Currently the World Wide Web is the largest source of information. There are numerous self-acting classification advances that have been suggested. In this suggested work an effective incremental clustering approach to evolve a better incremental clustering based summarization method for world wide World Wide Web classification which can facilitate to better coordinate the accessible data on WWW. The incremental clustering founded summarization technique permits dynamic tracking of the ever expanding allotment of information, put on the World Wide Web every day. This is the useful procedure for dynamic contents. In this the clustering of web document is a key method for finding out a more contextual and noiseless knowledge for world wide world wide web utilizes. C4. 5 is one of the most classic classification algorithms on data excavation, when it is utilized in mass computed results, the effectiveness is very low. In this paper, the direct of C4. 5 is advanced by the use of L'Hospital direct, which simplifies the assessment process and advances the effectiveness of decision making algorithm. The aim of this work to apply the algorithms in a very time and space effective kind and throughput and answer time for the application will be encouraged as the presentation measures.
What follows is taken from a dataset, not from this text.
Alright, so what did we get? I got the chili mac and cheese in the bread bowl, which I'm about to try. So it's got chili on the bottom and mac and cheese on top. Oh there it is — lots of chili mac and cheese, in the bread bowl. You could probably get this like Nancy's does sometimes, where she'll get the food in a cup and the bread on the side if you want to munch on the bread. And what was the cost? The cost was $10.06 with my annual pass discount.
The aspires is to implement these algorithms and graphically compared the complexities and efficiencies of the classification algorithms.

References
  1. I. H. Witten, E. Frank, Data Mining Practical Machine Learning Tools and Techniques, China Machine Press, 2006.
  2. S. F. Chen, Z. Q. Chen, Artificial intelligence in knowledge engineering [M]. Nanjing: Nanjing University Press, 1997.
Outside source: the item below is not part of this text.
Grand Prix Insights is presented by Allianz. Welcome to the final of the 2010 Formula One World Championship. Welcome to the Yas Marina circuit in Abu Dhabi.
  3. Z. Z. Shi, Senior Artificial Intelligence [M]. Beijing: Science Press,1998.
  4. D. Jiang, Information Theory and Coding [M]: Science and Technology of China University Press, 2001.
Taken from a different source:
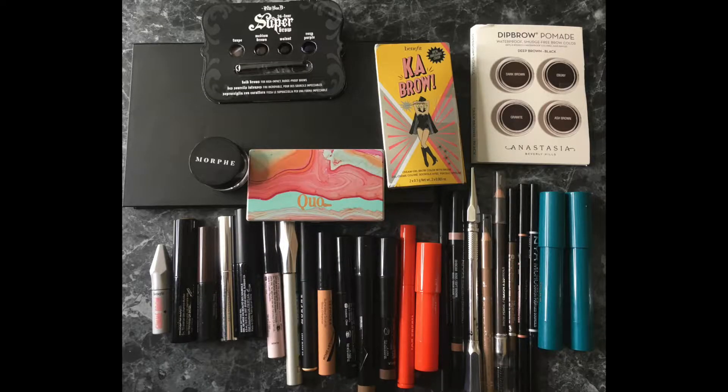I cannot believe I have 30 brow products next to me right there. I have used so many different brow products over the last month or so — my head is spinning — but I think it was a really great thing to do. I wanted to go across not only brands but also across types of brow products to decide for myself which ones I like the most and the least, and then also offer that information to you.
  5. M. Zhu, Data Mining [M]. Hefei: China University of Science and Technology Press ,2002. 67-72.
  6. A. P. Engelbrecht. , A new pruning heuristic based on variance analysis of sensitivity information[J]. IEEE Trans on Neural Networks, 2001, 12(6): 1386-1399.
  7. N. Kwad, C. H. Choi, Input feature selection for classification problem [J],IEEE Trans on Neural Networks, 2002,13(1): 143- 159.
  8. Quinlan JR. Induction of decision tree [J]. Machine Learing. 1986
  9. Quinlan,J. R. C4. 5:ProgramsforMachineLearning. SanMateo, CA:Morgan Kaufmann1993
  10. UCIRepository of machine earning databases. University of California, Department of Information and Computer Science, 1998. http: //www. ics. uci. edu/?mlearn/MLRepository. Html
  11. T. Joachims, "Web document categorization with Support Vector Machines: Learning with Many Relevant Features", Proceedings European Conference on Machine Learning (ECML), Issue 5, pp. 153-162, Berlin, 1998.
  12. M. Sravanthi, C. R. Chowdary, and P. S. Kumar, "QueSTS: A query specific text summarization system" Proceedings of the
  13. 21st International FLAIRS Conference, Florida, AAAI Press, USA, pages 219–224, 2008.
  14. X. Wan, J. Yang, and J. Xiao. "Towards an iterative reinforcement approach for simultaneous document summarization and keyword extraction",Proceedings of the 45th Annual Meeting of the Association of Computational Linguistics, pages 552–559, Prague, ACL, Czech Republic, June 2007.
  15. Weka Tool, "www. cs. waikato. ac. nz/ml/weka/".
Index Terms

Computer Science
Information Sciences

Keywords

Clustering summarization Classification Decision Tree C4. 5 L'Hospital Rule the rate of information gain.